DATA EXTRACTS Block Start
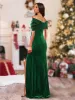 Sheath/Column Off-the-Shoulder Velvet Christmas Dresses with Ruffles & Split Side sold by Lavetir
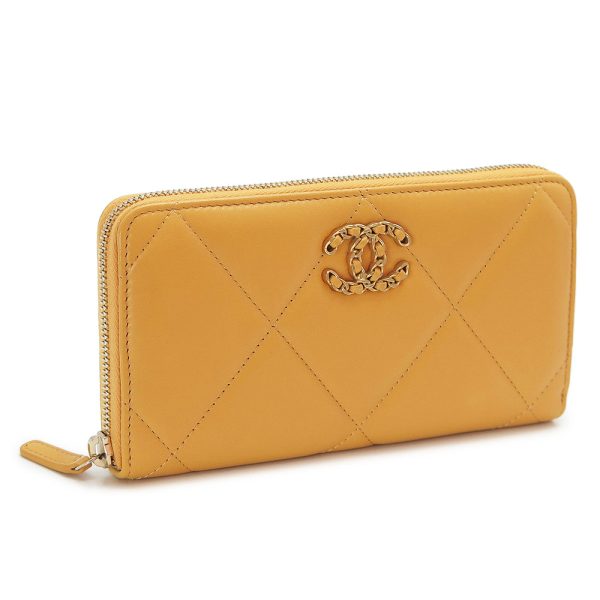 chanellongwallet CHANEL Long Wallet Matelasse Quilted Yellow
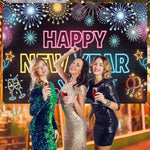 Neon Happy New Year Banner, 72.8 * 43.3 Inch, Polyester, Neon, New Year, Prom, Backdrop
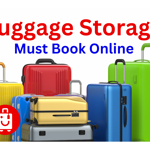 A pile suitcases.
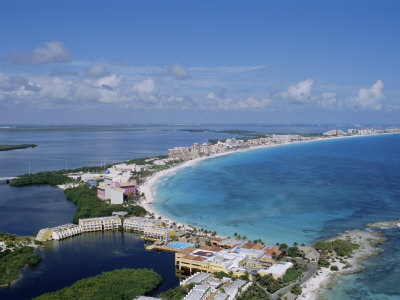 Aerial View of Hotel Area of Resort, Cancun, Yucatan, Mexico, Central America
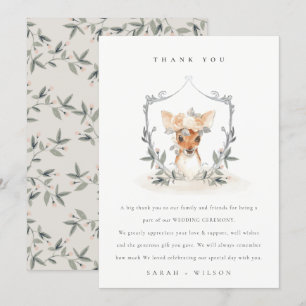 Elegant Cute Dusky Deer Floral Crest Wedding Bedankkaart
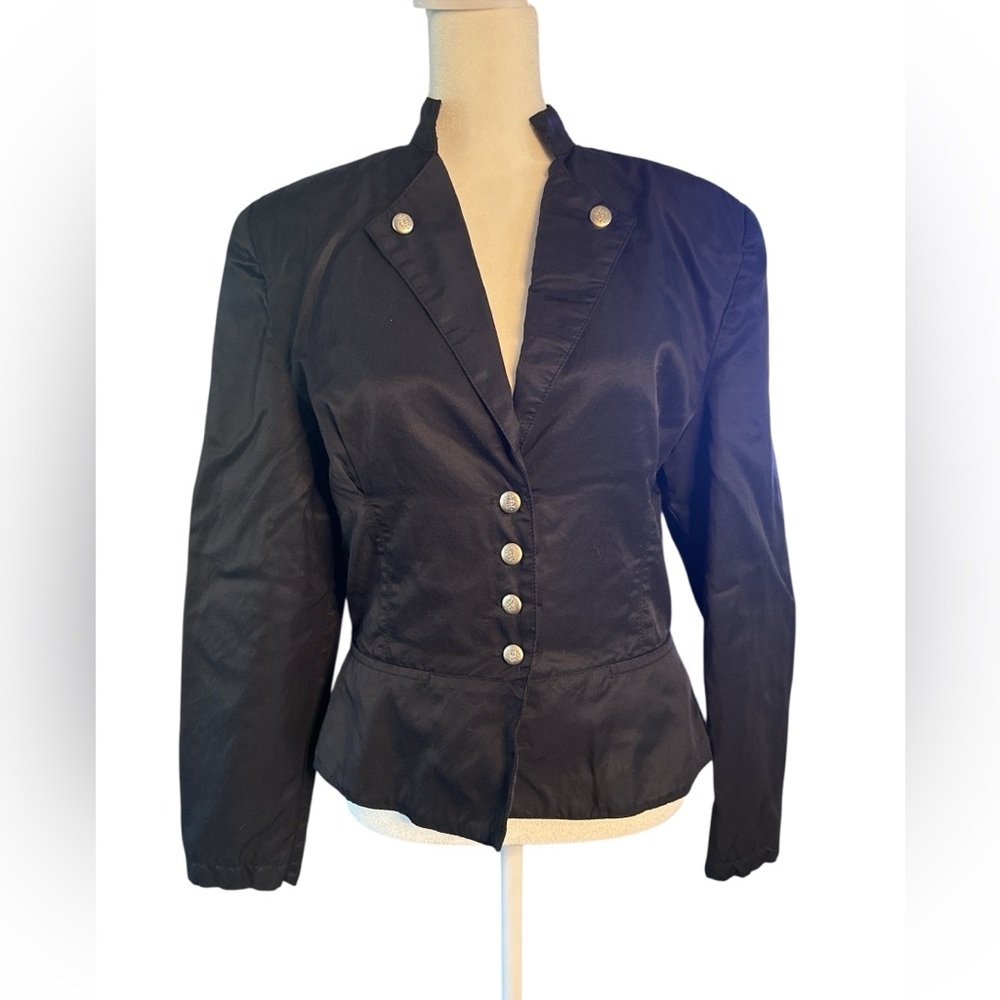 IN-WEAR Black Military Style Jacket Medium by Kirsten Teisner | Double Breaste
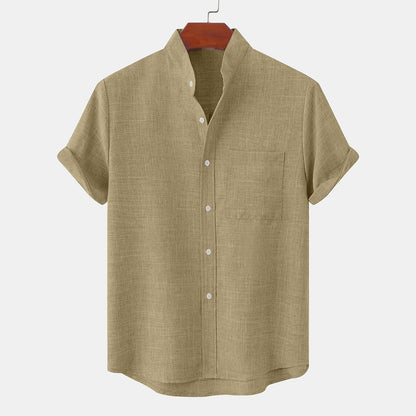 Cotton Linen Shirt-Button Up with Pocket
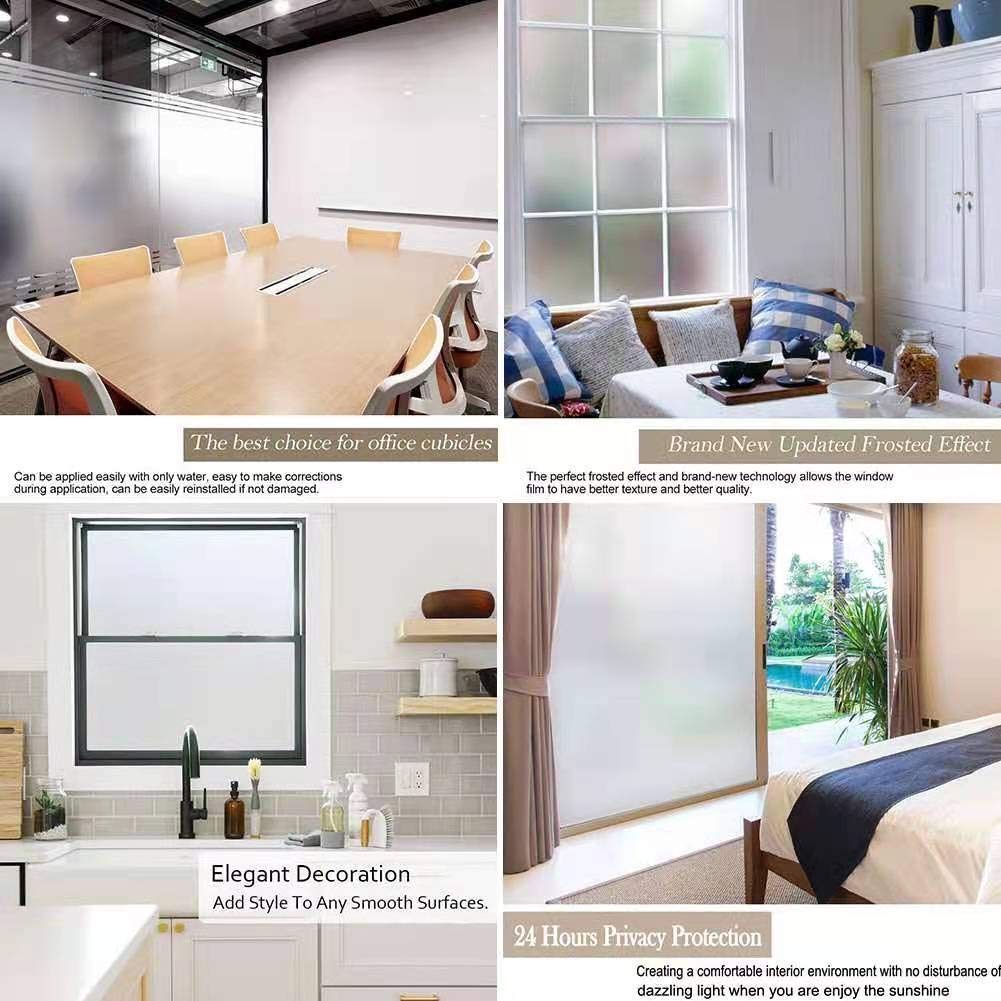 Película para ventana antirreflectante electrostática para cristal opaco, no adhesivo, antiUV, protege la intimidad para oficina, casa, cuarto de baño, cocina, color blanco todos, 90 x 400 cm)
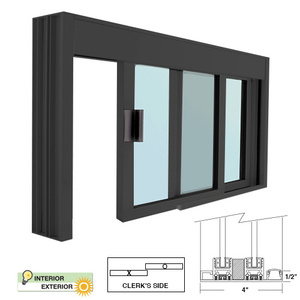 CRL Black Bronze Anodized Standard Size Manual DW Deluxe Service Window Glazed with Half-Track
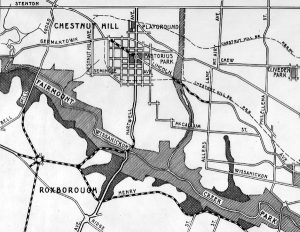 A 1915 map of Northwest Philadelphia, with the Chestnut Hill neighborhood in the left center. The Lincoln Drive, with its proposed expansions, cuts through the center of the neighborhood from right to left.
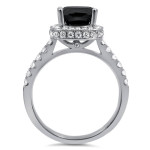 White Gold 2 3/4ct TDW Black and White Diamond Bridal Ring Set - Handcrafted By Name My Rings™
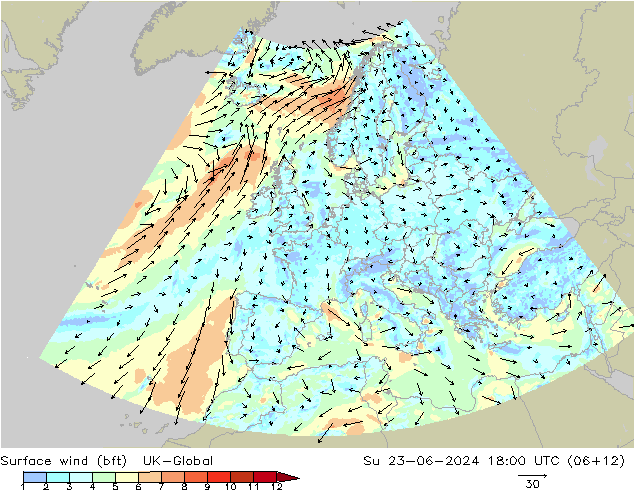 Bodenwind (bft) UK-Global So 23.06.2024 18 UTC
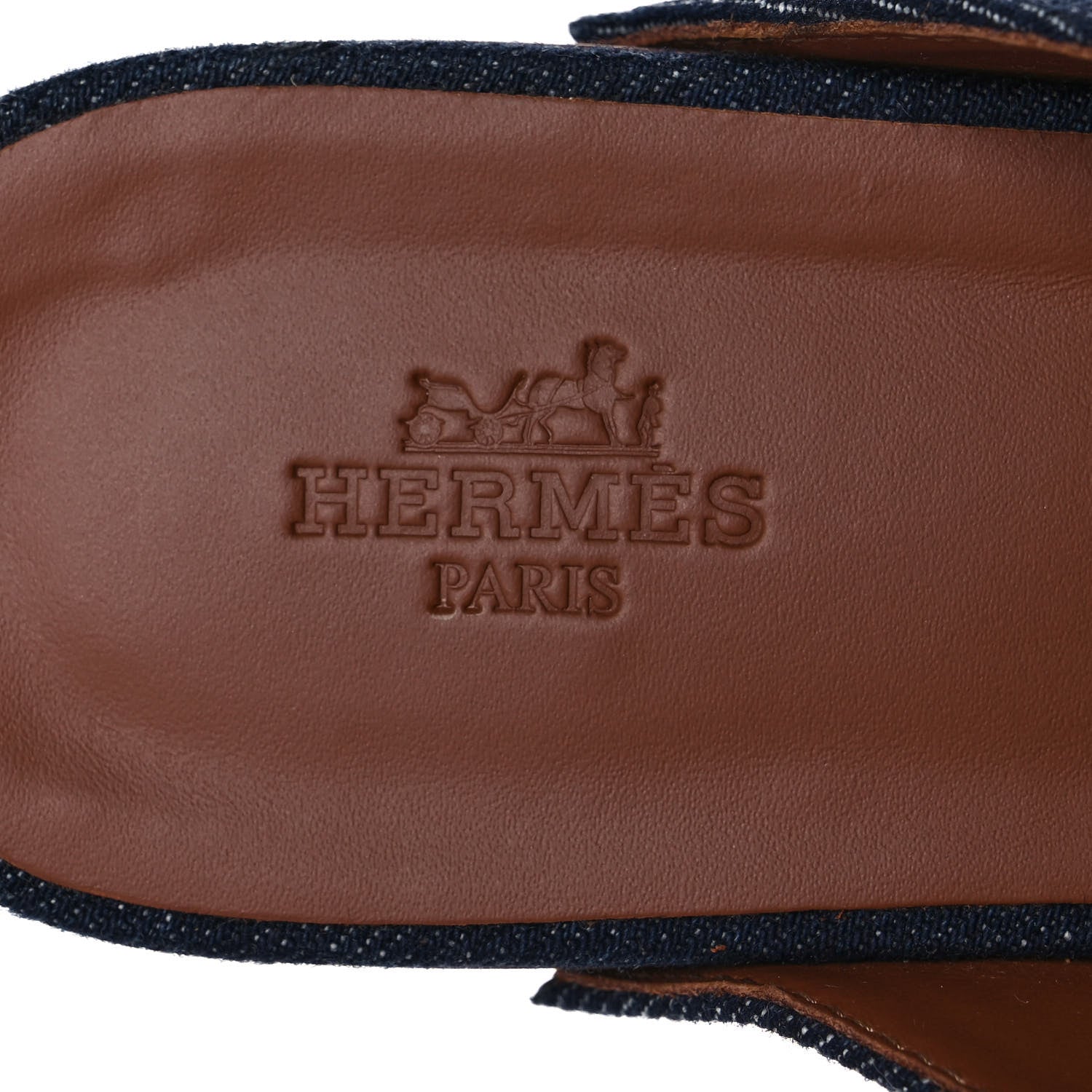 Hermes Denim Carlotta Mules 37 Bleu Brut Gold 7 of 8
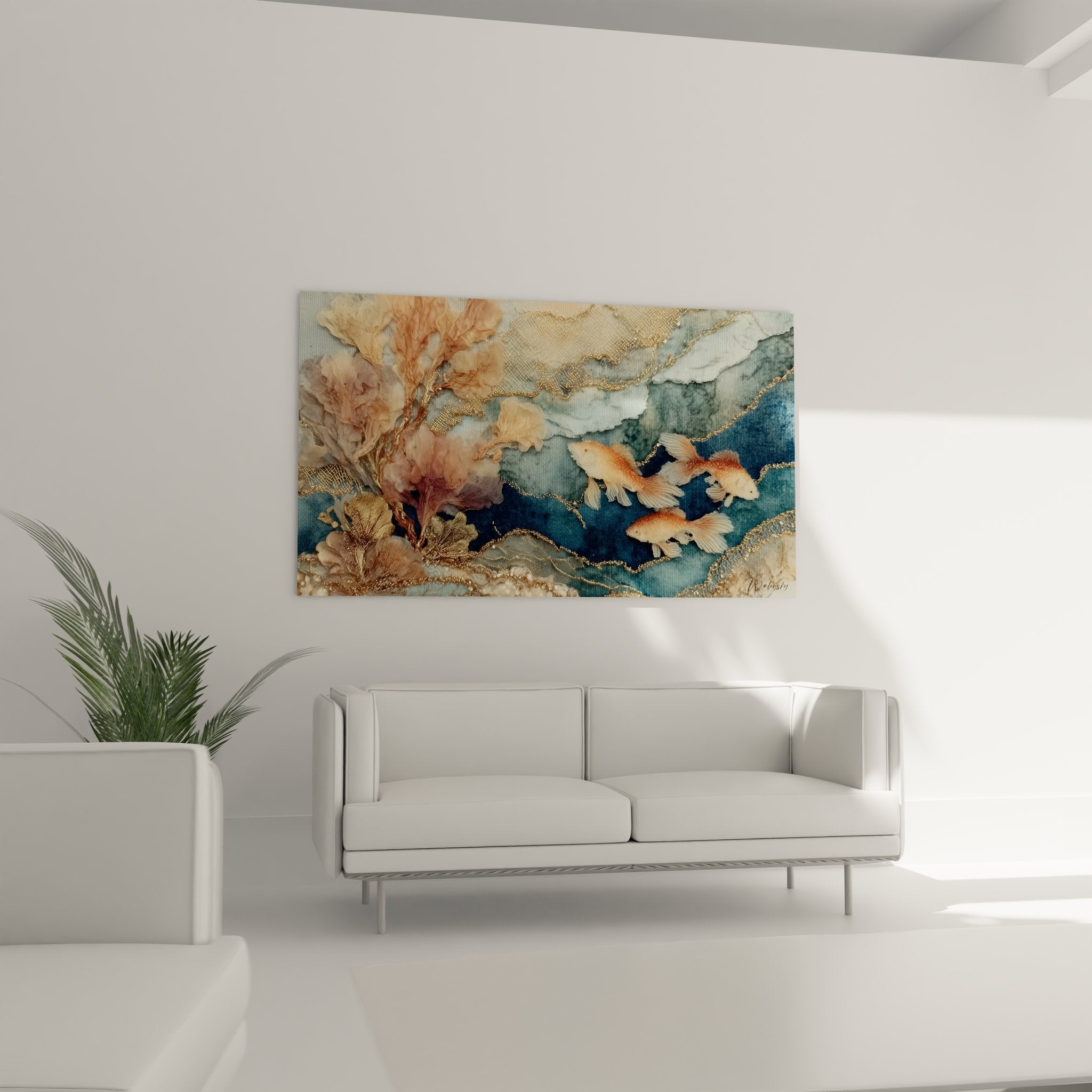 Détail tableau fonds marins poissons dorés nageoires délicates coraux texturés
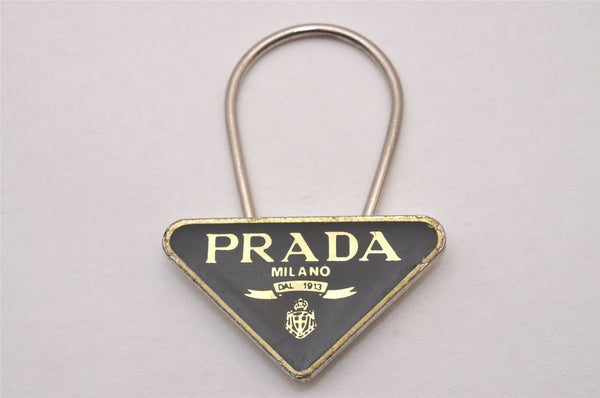 Authentic PRADA Vintage Logo Key Ring Charm M285X Silver Plating Box 8964I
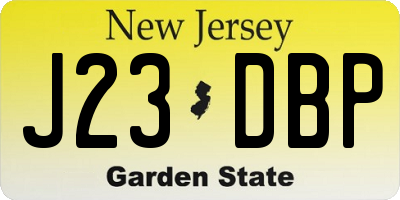NJ license plate J23DBP
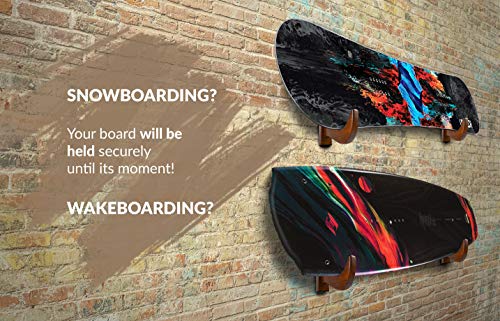 TESLYAR Surfboard Wall Mount – Wooden Surfboard Rack for Wall Storage – Solid Wood Hooks for Surfboard, Snowboard, Paddle Board & Wakeboard – Wave Style - Image 4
DATA EXTRACTS Block End
## WHAT YOU NEED TO DO
What is needed is an exact copy of only the lines above from the one with "Cotton Linen Shirt-Button Up with Pocket" to the one with "A 1915 map of", both kept, with every picture left out.

## ANSWER SPACE
 Cotton Linen Shirt-Button Up with Pocket
 Película para ventana antirreflectante electrostática para cristal opaco, no adhesivo, antiUV, protege la intimidad para oficina, casa, cuarto de baño, cocina, color blanco todos, 90 x 400 cm)
 CRL Black Bronze Anodized Standard Size Manual DW Deluxe Service Window Glazed with Half-Track
 A 1915 map of Northwest Philadelphia, with the Chestnut Hill neighborhood in the left center. The Lincoln Drive, with its proposed expansions, cuts through the center of the neighborhood from right to left.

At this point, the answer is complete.